The National Gallery of Art
Five Must-See Pieces of Art
The National Gallery of Art was created in 1937 by a joint resolution of Congress when it accepted the fantastic art collection of Andrew W. Mellon. Now it's a museum that's fully funded by the American government. With Uncle Sam footing the bill, there's no excuse not to visit.
Ginevra De' Benci, 1474
Leonardo da Vinci
"Ginevra De' Benci" is the only painting by Leonardo da Vinci in the United States, and that's why she's first on this exclusive list. Her portrait is among da Vinci's earliest experiments in the new medium of oil paint, as evidenced by some wrinkling on the canvas' surface.
Da Vinci painted Ginevra's pose with a subtle 3-dimensionality and created her portrait in an outdoor setting. These 2 factors make the painting very different from conventional portraits and hint at how da Vinci would revolutionize painting during the Renaissance.

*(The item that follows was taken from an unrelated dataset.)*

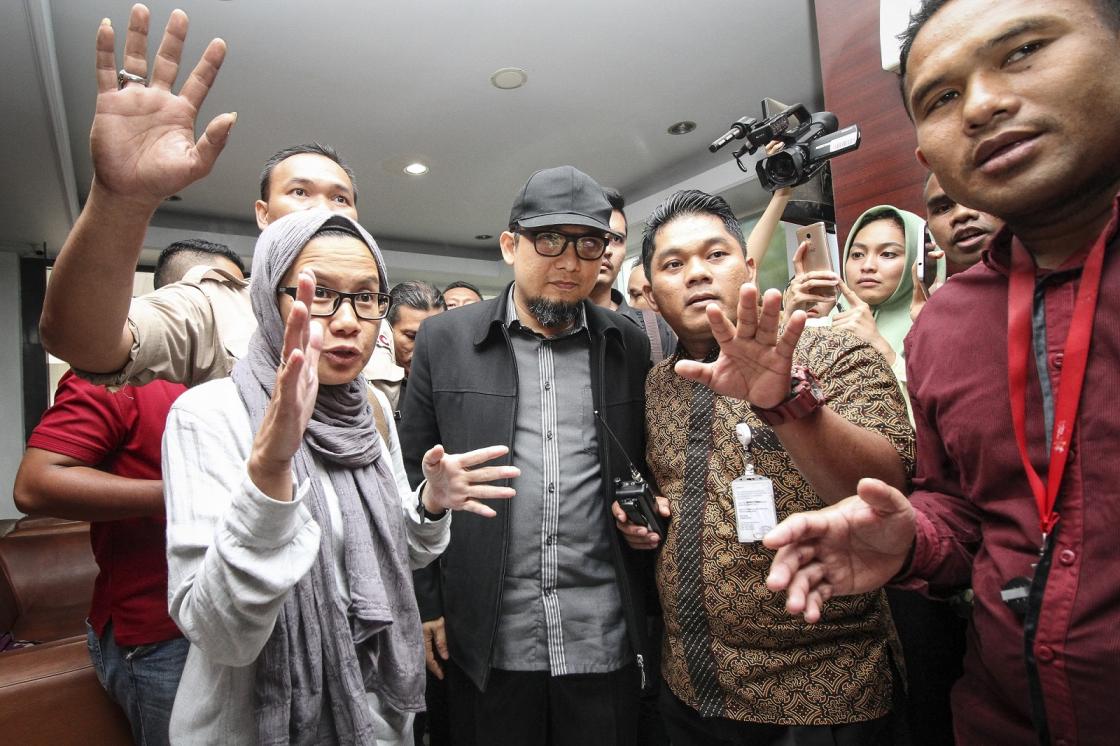 Tim Pemantau Kasus Novel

There's no question that the painting was executed with the kind of talent that has become synonymous with da Vinci, but it's sometimes more fun to ask why it was painted. At the time, there were generally 2 occasions that called for a woman's portrait -- engagement or marriage. In the case of this portrait, 1 theory is that her husband ordered it, but another suggests it was a gift from a lover, Bernardo Bembo. The clue to this second theory lies on the back of the painting, which contains Ginevra's personal motto, "Beauty adorns nature." Nothing out of the ordinary there -- at that time, most wealthy individuals had personal mottoes. However, in 1991, the National Gallery conducted x-ray testing and revealed a second personal motto, "Virtue and honor." This was not the motto of Ginevra's husband, but rather the poet, Bernardo Bembo.
Personal intrigue aside, this da Vinci beauty stands alone on American soil and is a must-see at the National Gallery.
Woman with a Parasol, 1875
Like "Ginevra De' Benci," "Woman with a Parasol" is an important and beautiful piece of art with an interesting personal backstory. Monet and Camille, the woman pictured here, were lovers. When Monet's parents discovered their relationship, they demanded Monet leave Camille or be cut off financially. Subsequently, Monet left Camille penniless and pregnant in Paris.
Two years later, Monet faced being drafted into the French army, but since married men were exempt from the draft, Monet sought out Camille and married her.
Monet then began to paint Camille in day-to-day images, like this 1 capturing a walk with their son. The color and animated brushwork enhances the liveliness of the moment. Freedom of the subjects, surroundings, color and technique are hallmarks of Monet's style.
The Emperor Napoleon in his Study at the Tuileries, 1812
By 1812 Napoleon, who began his career as an army general, had seized control of the French government and named himself emperor. Now seen as 1 of the most infamous tyrants in world history, at the time Napoleon wanted nothing more than to have the public on his side.
This portrait was commissioned with that purpose in mind -- a bit of 19th-century positive publicity. The painter, Jacques-David Louis was considered the number 1 image-maker to the French elite, and careful examination of this portrait reveals subtle assertions of Napoleon's power hidden in a very ordinary setting.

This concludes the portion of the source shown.